Under the hood, we are solving a system of simultaneous equations. What happens if there are more unknowns than there are equations? This corresponds to the system being 'underdetermined'. An example would be, suppose we know that there are 1000 people in total, of whom 400 have ever been infected, but we don't know the proportion of people whose infections have been resolved. How do we then decide whether we have 100 infected and 300 recovered, or 300 infected and 100 recovered? Atomica uses the 'minimum norm' solution which means that the inputs are distributed equally across groups of compartments that are nonzero, and is zero if no information is available. We will see this with two examples. First, consider the case above where we only know the total population size and number ever infected. This corresponds to the framework and databook containing

![t4-framework-3](assets/T4/t4_framework_3.png)
![t4-databook-2](assets/T4/t4_databook_2.png)

The minimum norm solution would see the 400 people uniformly distributed across `inf` and `rec`, so there will be 200 people in each compartment. If we run the model with these spreadsheets, we obtain

In [None]:
import atomica as at
P = at.Project(framework='assets/T4/t4_framework_2.xlsx',databook='assets/T4/t4_databook_2.xlsx')
result = P.results[0]
print('sus = %.2f' % (result.get_variable('sus')[0].vals[0]))
print('inf = %.2f' % (result.get_variable('inf')[0].vals[0]))
print('rec = %.2f' % (result.get_variable('rec')[0].vals[0]))

We also now recieve a warning that 'Initialization characteristics are underdetermined' which reflects the fact that we had to rely on the minimum norm solution to infer the value of some of the compartments.
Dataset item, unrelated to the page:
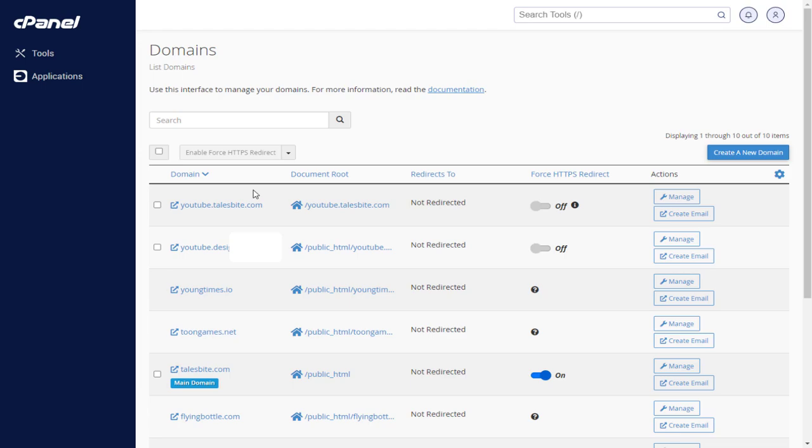Here, your domains page might be empty if you have not added any domains yet. I have added a few domains in my cPanel account.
For compartments that are missing entirely, we can remove the 'alive' characteristic entirely, leaving us with:

![t4-framework-4](assets/T4/t4_framework_4.png)
![t4-databook-3](assets/T4/t4_databook_3.png)

Now, we expect that the 400 people will be assigned to `inf` and `rec` in equal proportions, but since we have no information at all about `sus`, it will be initialized with a value of zero:

In [None]:
import atomica as at
P = at.Project(framework='assets/T4/t4_framework_3.xlsx',databook='assets/T4/t4_databook_3.xlsx')
result = P.results[0]
print('sus = %.2f' % (result.get_variable('sus')[0].vals[0]))
print('inf = %.2f' % (result.get_variable('inf')[0].vals[0]))
print('rec = %.2f' % (result.get_variable('rec')[0].vals[0]))

It's possible to freely mix compartments and characteristics for initialization. For example, we could set a databook page for 'susceptible' on the compartments sheet, and have the databook explicitly contain data entry for the 'susceptible' compartment as well as the number ever infected.

What happens if you enter conflicting information? For example, if the number ever infected is greater than the total number of people? In that case, a negative compartment size would occur, resulting in an error. In that case, the simulation cannot be run unless you find and fix the error. Atomica will print out diagnosic output to help identify where the negative compartment size originates from. Unfortunately, it is still challenging and one of the most difficult parts of framework design in Atomica.

<div class="alert alert-block alert-danger">
Errors relating to negative compartment sizes mean that inconsistent information about the system has been entered
</div>

It's also possible for a system to be overdetermined. For example, if you specify data values for `inf`, `rec`, and `inf+rec`. If you specify inconsistent initial values, then a warning will be displayed and 'best fit' values will be used.

<div class="alert alert-block alert-info">
<b>Further reading:</b> Compartment initialization is described in more detail in the <a href='https://docs.atomica.tools/en/master/general/Compartment-Initialization.html'>Atomica code documentation</a>
</div>

Finally, the last main difference between characteristics and parameters is that characteristics take up no storage space, because they get dynamically evaluated in the results. Thus, using characteristics instead of parameters leads to smaller file sizes.